Als "kranken Mann am Bosporus" bezeichnete man im 19. Jahrhundert bekanntlich das Osmanische Reich, das von allen Seiten bedrängt wurde und im Niedergang begriffen war. Heute kann man diese Bezeichnung durchaus auf die Türkei unter dem "Sultan" Erdogan übertragen.

Nach einem anfänglich bemerkenswerten wirtschaftlichen Aufstieg der Türkei unter Staatschef Recep Tayyip Erdogan zeichnet sich seit dem Frühjahr 2018 eine dramatische Verschlechterung ab. Seit seiner Wiederwahl und der Verfassungsänderung verfügt der türkische Präsident praktisch über diktatorische Vollmachten. Damit kann er alle vermeintlichen und tatsächlichen Regimegegner aus dem Wege räumen. Die Türkei wandelt sich mehr und mehr zu einer islamischen Diktatur, es herrschen Rechtsunsicherheit und Willkür. Die Menschenrechte werden mit Füssen getreten, und Zehntausende wurden als "Staatsfeinde" verhaftet.

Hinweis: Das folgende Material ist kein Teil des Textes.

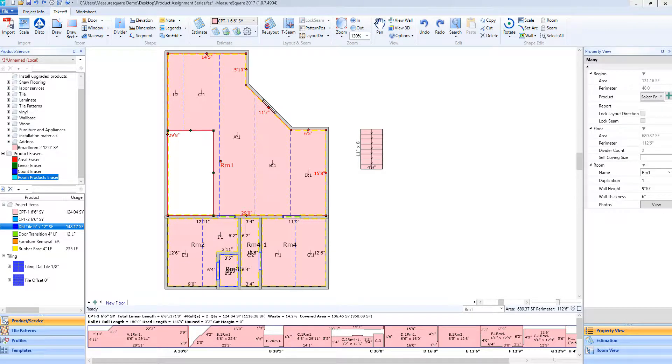Hey guys, Jim from MeasureSquare here. Welcome to Part 2 of the Product Assignment Tutorials in the Getting Started series for MeasureSquare 8. In this video, we will cover assigning a tile pattern to a room.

Erdogan verrät damit das Erbe von Kemal Pascha Atatürk, der 1923 mit der Schaffung der modernen laizistischen Türkei ein enormes Werk vollbracht hat. Auch die Schweiz hat damals einen wichtigen Beitrag geleistet: 1926 hat Atatürk das Schweizer Privatrecht mit dessen Quellen Zivilgesetzbuch und Obligationenrecht übernommen.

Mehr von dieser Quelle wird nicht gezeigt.